In the data below, the copy begins at the line containing "Laser spider vein removal results" and runs through the last line; repeat those lines exactly, minus the pictures.

_ _ _ _ _ _ _

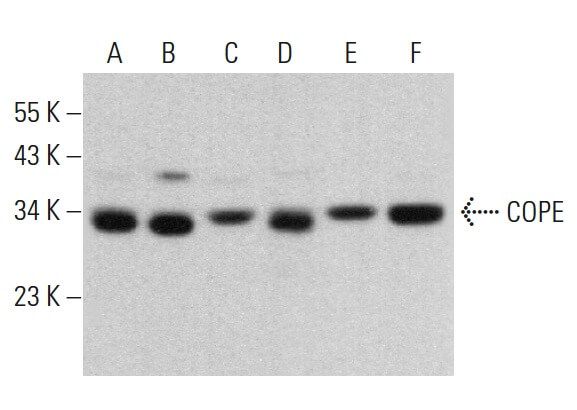 COPE Antibody (C-4) | SCBT - Santa Cruz Biotechnology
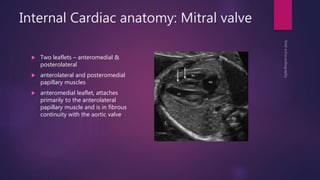 Internal Cardiac anatomy: Mitral valve
 Two leaflets – anteromedial &
posterolateral
 anterolateral and posteromedial
papillary muscles
 anteromedial leaflet, attaches
primarily to the anterolateral
papillary muscle and is in fibrous
continuity with the aortic valve
 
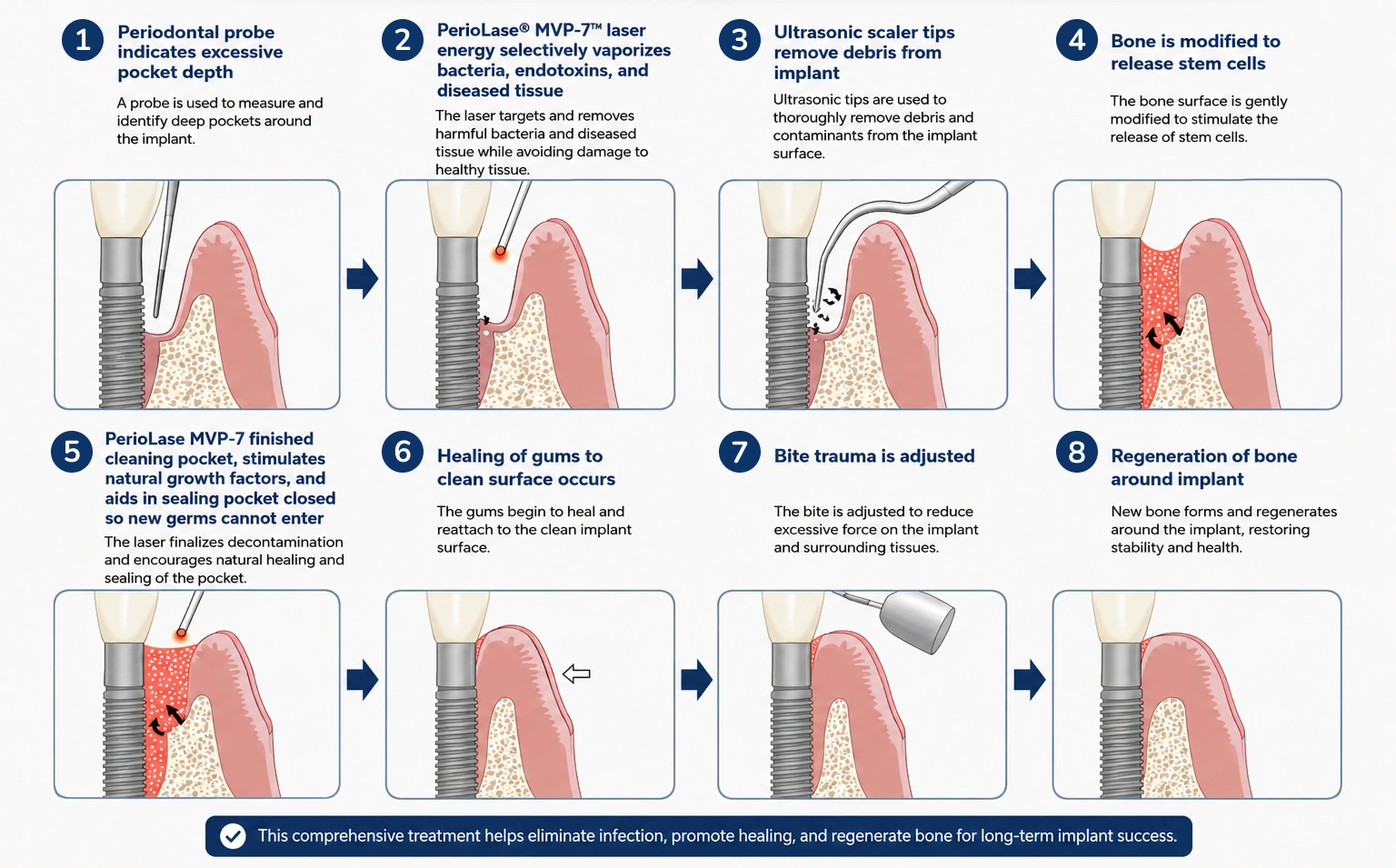How the LAPIP Treatment Procedure Works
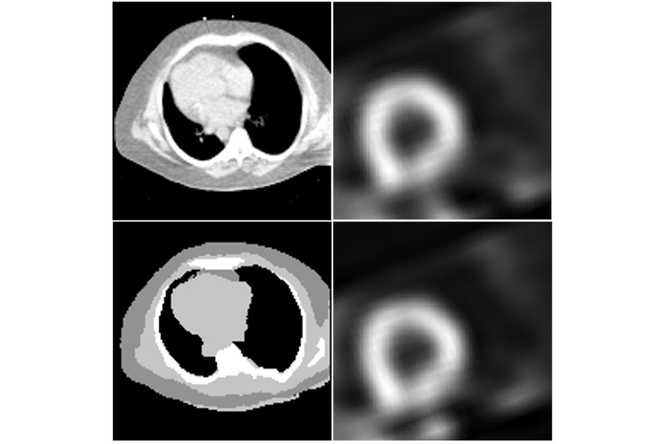 SPECT images (right) and attenuation maps (left) obtained by traditional methods (top) and the new CTLESS method (bottom). (Image: Jha Lab)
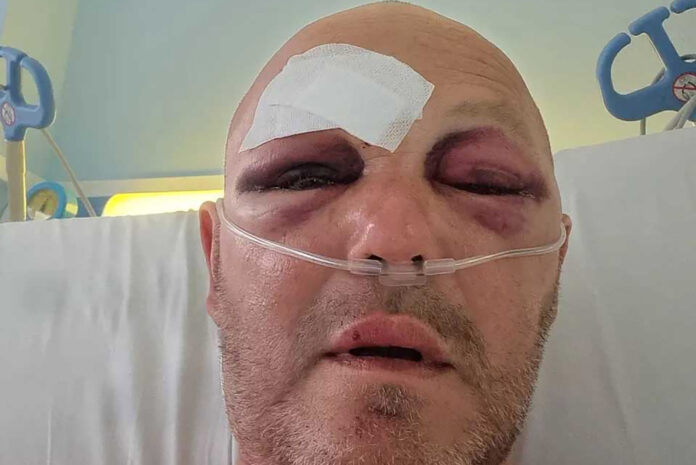 Philip in hospital in Spain.
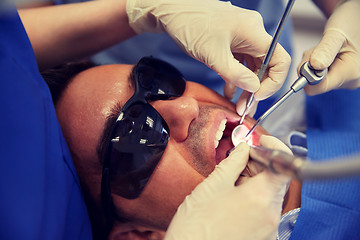 Image showing dentist hands treating male patient teeth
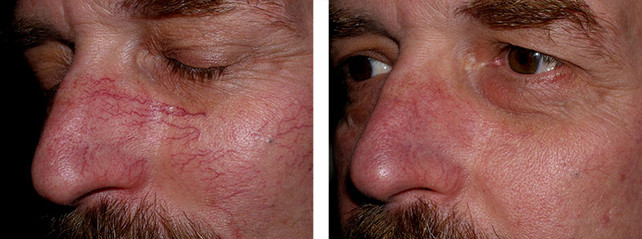 Laser spider vein removal results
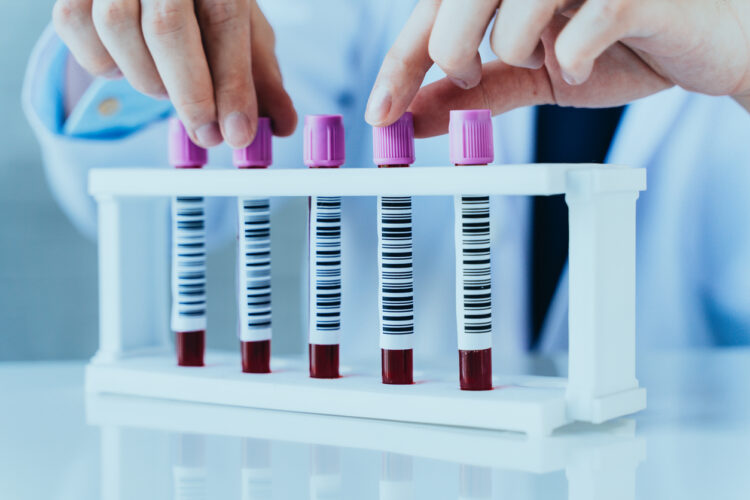 Scientist examining blood samples in a lab - featured image to illustrate primary progressive ms and secondary progressive ms differences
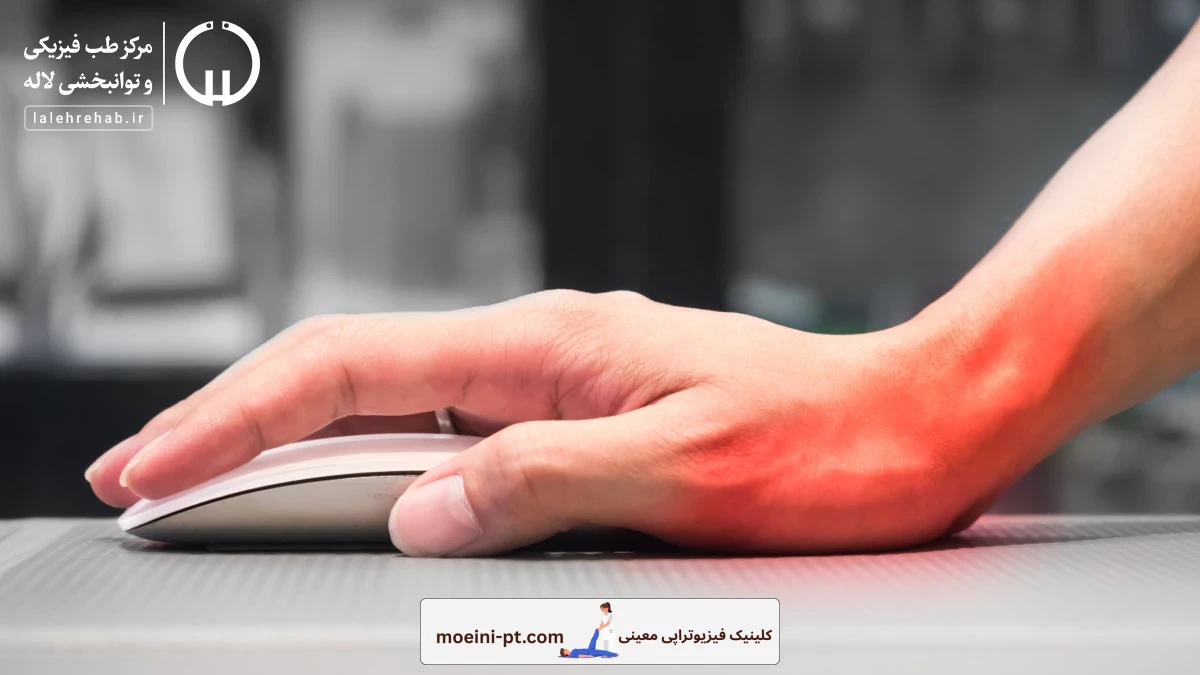 سندرم تونل کارپال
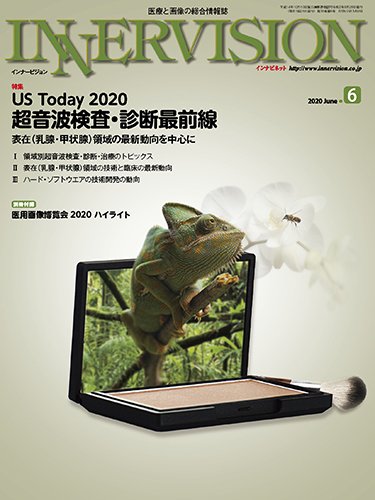 INNERVISION（インナービジョン） 2020年6月号 (発売日2020年06月01日) 表紙
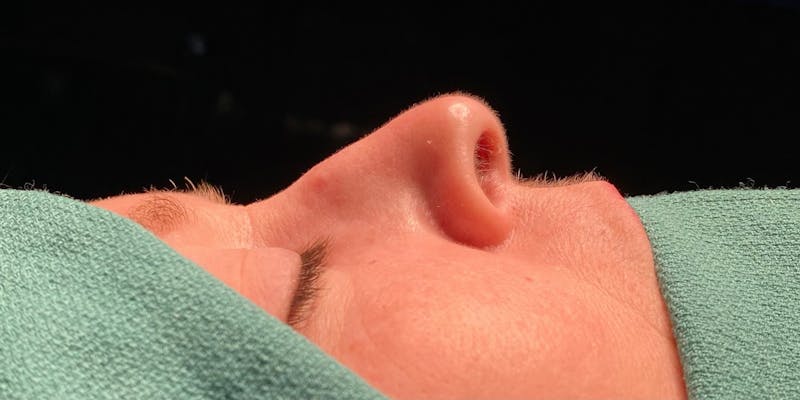 Rhinoplasty Before & After Gallery - Patient 390698 - Image 1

_ _ _ _ _ _ _

§ **ANSWER**:
 Laser spider vein removal results
 Scientist examining blood samples in a lab - featured image to illustrate primary progressive ms and secondary progressive ms differences
 سندرم تونل کارپال
 INNERVISION（インナービジョン） 2020年6月号 (発売日2020年06月01日) 表紙
 Rhinoplasty Before & After Gallery - Patient 390698 - Image 1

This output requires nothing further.